Pesan utamanya, Yesuslah Sang Anak Domba Paskah!
Yohanes memberi informasi berbeda. Perjamuan
Yesus dengan para murid-Nya terjadi sebelum Paskah. Penyaliban dan kematian
Yesus terjadi tanggal 14 Nisan dan pemakaman Yesus terjadi menjelang Paskah,
yakni pada hari persiapan untuk perayaan Paskah (Yoh.19:42). Kalau dikatakan
bahwa perjamuan Yesus bersama dengan murid-murid-Nya ini adalah perjamuan
Paskah, secara kronologis hal itu tidaklah mungkin. Mengapa?

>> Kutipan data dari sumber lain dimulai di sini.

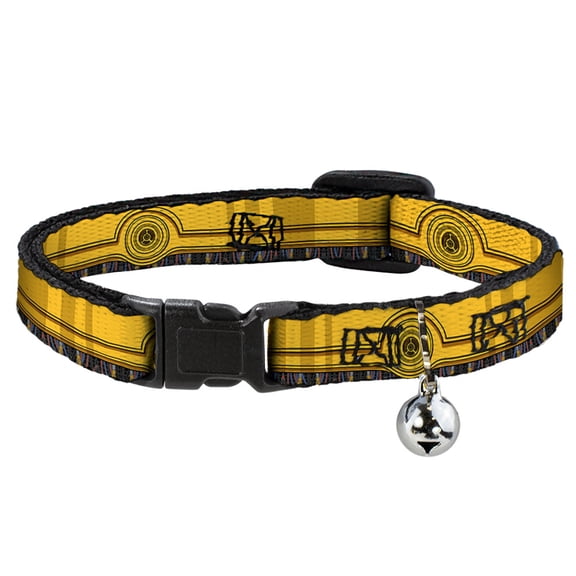 Star Wars Cat Collar, Breakaway Collar with Bell, Star Wars C3PO Wires Bounding Yellows Black Multi Color, 8.5 to 12 Inches 0.5 Inch Wide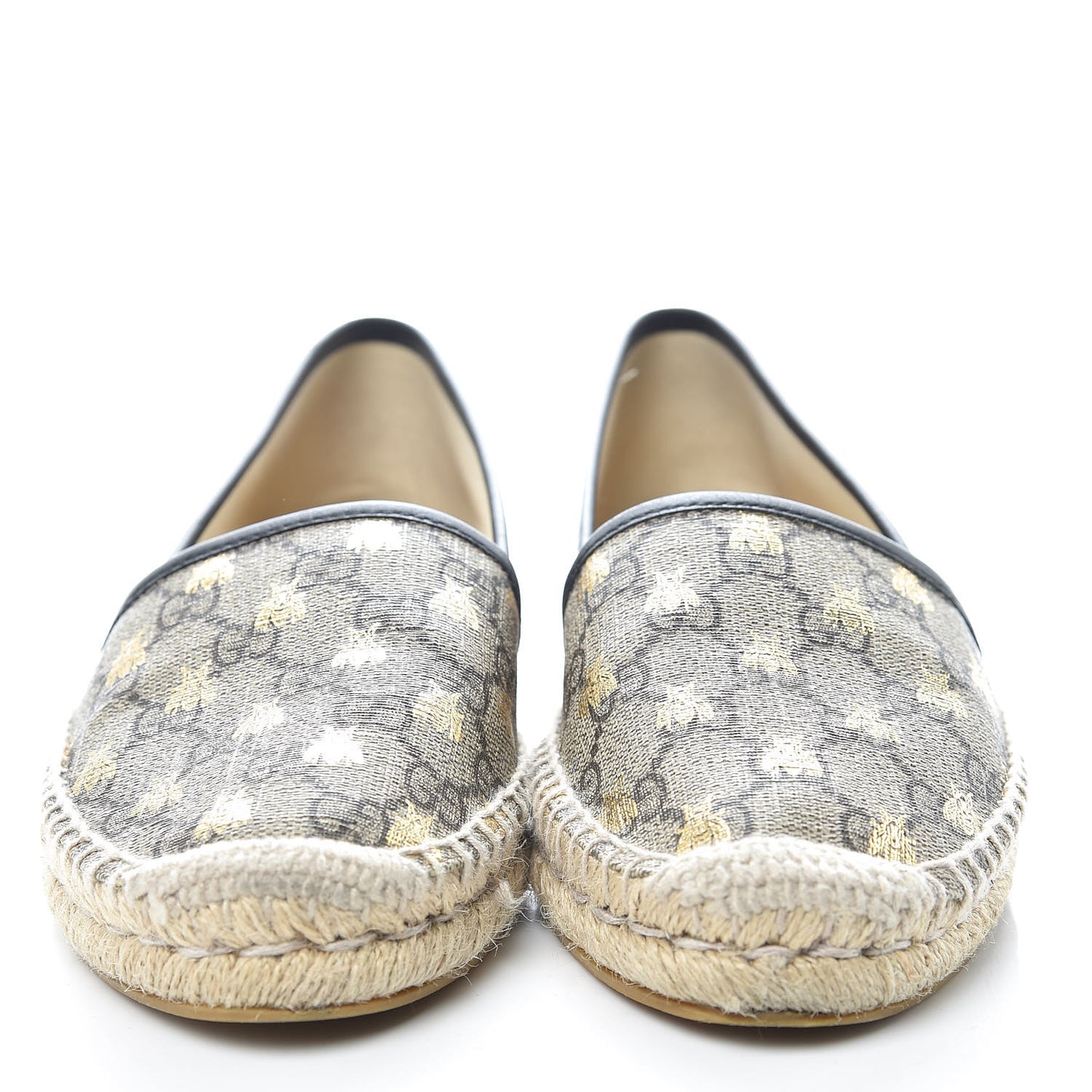 GG Supreme Monogram Bees Espadrille Flats 38 Beige Ebony Oro Black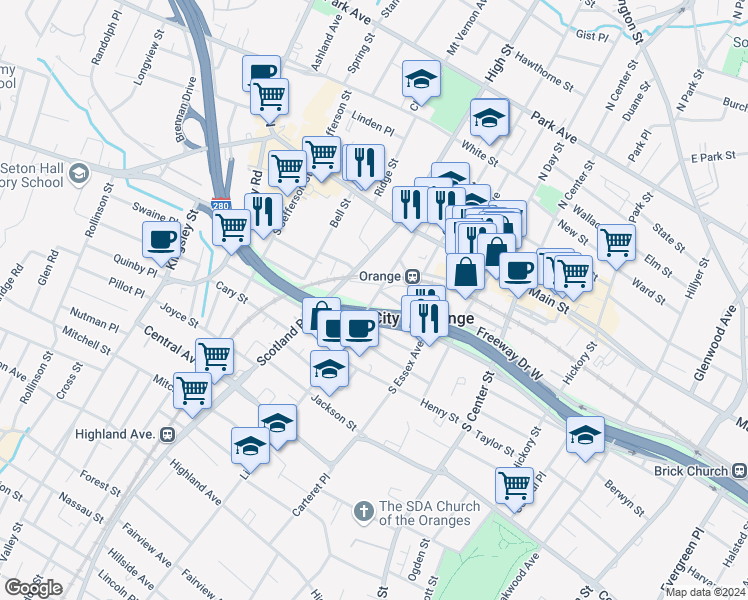 map of restaurants, bars, coffee shops, grocery stores, and more near in City of Orange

Karena saat
orang-orang merayakan Paskah (15 Nisan), Yesus sudah ada di dalam kubur.
Konsekuensinya, perjamuan malam itu bukanlah sebuah perjamuan Paskah. (Sumber:
Eko Riyadi, Pr, Yohanes: Firman Menjadi
Manusia).
Dalam narasinya (Yohanes 13:1-17), Yohanes
tidak mengisahkan Yesus menyebutkan kalimat tema kita (Roti yang terpecah dan
anggur yang tercurah). Pun, tidak mengisahkan tentang pemecahan roti dan
penuangan anggur, yang kemudian dibagikan kepada para murid. Yohanes lebih suka
menyoroti Yesus membasuh kaki para murid. Meskipun Yesus tidak menyebutkan
eksplisit bahwa diri-Nya Roti yang terpecah dan anggur yang tercurah, namun
nanti akan kita lihat bahwa tindakan simbolis pembasuhan kaki dan kemudian
persitiwa penyaliban itu mengokohkan kepada kita bahwa Dialah yang melakukannya
baik simbolik maupun kenyataannya.
Adegan pembasuhan kaki oleh Yesus kepada
murid-murid-Nya menjadi menarik oleh karena ada dialog panjang antara Yesus dan
Petrus. Bisa saja Yohanes menggunakan sosok Petrus yang mewakili para murid
bahkan kita untuk menjelaskan tentang makna di balik pembasuhan kaki itu.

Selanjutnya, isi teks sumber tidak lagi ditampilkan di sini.